C’est une mesure qui suscite l’inquiétude chez les travailleurs frontaliers qui travaillent en Suisse : leurs indemnités chômage pourraient être divisées par deux au 1ᵉʳ janvier 2025. C'est en tout cas ce que prévoit le nouvel accord négocié la semaine dernière entre le patronat et les syndicats.
Les frontaliers sont dans le collimateur de l'UNEDIC. Et ils ont de quoi être inquiets. En Bourgogne-Franche-Comté, en juin 2024, on dénombrait 47 917 travailleurs frontaliers en Suisse. Plus de 7 travailleurs frontaliers sur 10 habitent dans le département du Doubs, près de 2 sur 10 dans le Jura et 1 sur 10 dans le Territoire de Belfort.
Signé jeudi 14 novembre 2024, les partenaires sociaux français se sont mis d’accord sur le nouvel avenant à l’accord de 2023 sur l’assurance chômage. Il prévoit la mise en place d’un coefficient d’indemnisation selon le pays d’emploi.

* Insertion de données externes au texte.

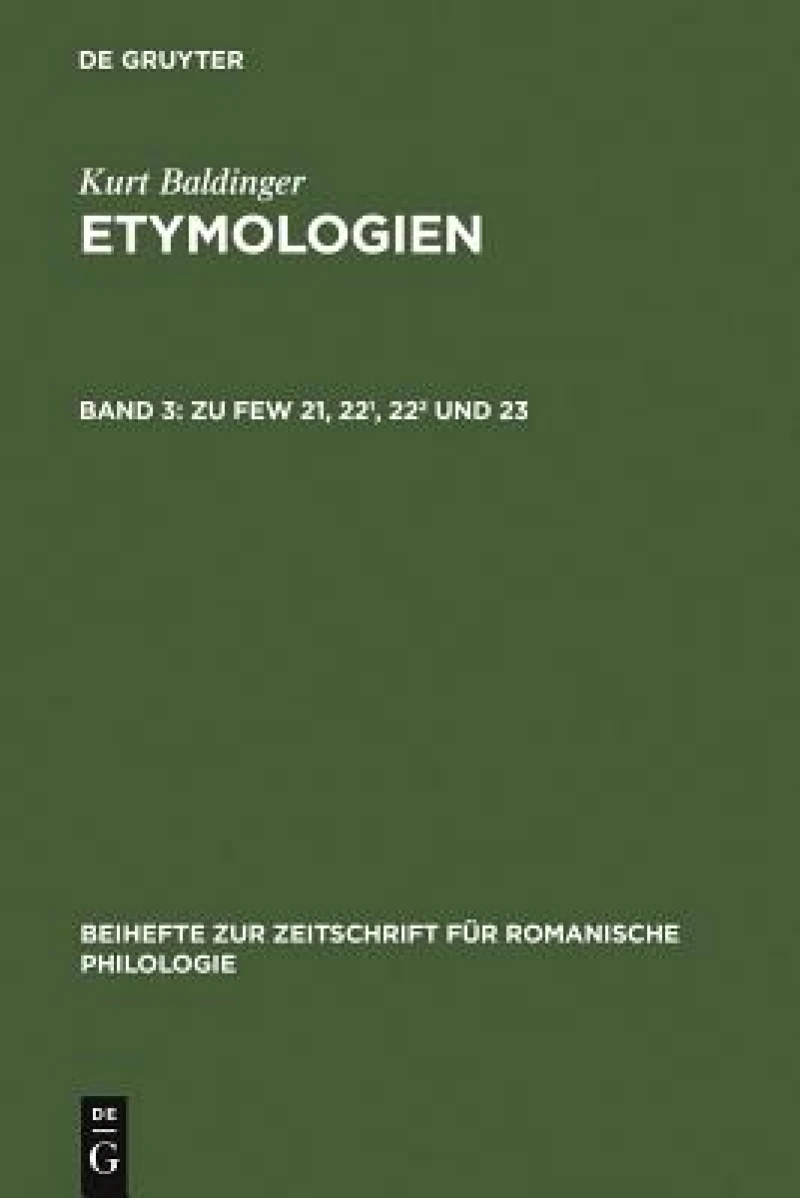 Zu Few 21, 22¹, 22² Und 23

Clément vient d'être licencié
Depuis six ans et demi, Clément, 32 ans, franchissait chaque jour la frontière avec la Suisse, depuis le village des Fourgs, pour se rendre à son travail. Mais la semaine dernière, il a été licencié de son entreprise. Aujourd'hui, le trentenaire est inquiet pour ses futures allocations chômage.
Jusque-là, quand un Français travaillait en Suisse, il cotisait sur sa feuille de paye pour l’assurance chômage. Grâce à un accord européen de 2004, la Suisse comme d’autres pays frontaliers règlent une petite compensation de la “facture du chômage” à la France. L'accord n'a jamais été révisé. Et c’est bien, le pays d'origine, et donc l’UNEDIC en France, qui verse toujours des indemnisations calculées sur le salaire suisse. Les salaires suisses étant bien supérieurs (4400 euros bruts le salaire minimum à Genève pour 42 heures de travail), l’indemnisation coûte donc plus cher.
Alors, l'UNEDIC, qui gère l'assurance chômage en France, a entamé, en octobre, des négociations sur les règles de l'assurance chômage des frontaliers. L'UNEDIC a pointé du doigt leur système d’indemnisation, qui génère un surplus de dépenses de 800 millions d'euros par an.
Réaliser des économies
Si la proposition doit encore être examinée par les députés, la modification de la formule de calcul pour les allocataires frontaliers pourrait entrer en vigueur dès le 1ᵉʳ janvier 2025. La législation française prévoit donc d'appliquer un coefficient, censé prendre en compte les différences de salaires entre le pays d'emploi et celui de résidence. Ce coefficient, basé sur les moyennes de salaire de l'OCDE, serait de 0,47 pour la Suisse et sera réévalué tous les ans. D'autres pays comme l'Allemagne, la Belgique ou encore le Luxembourg seraient, eux aussi, soumis à un coefficient.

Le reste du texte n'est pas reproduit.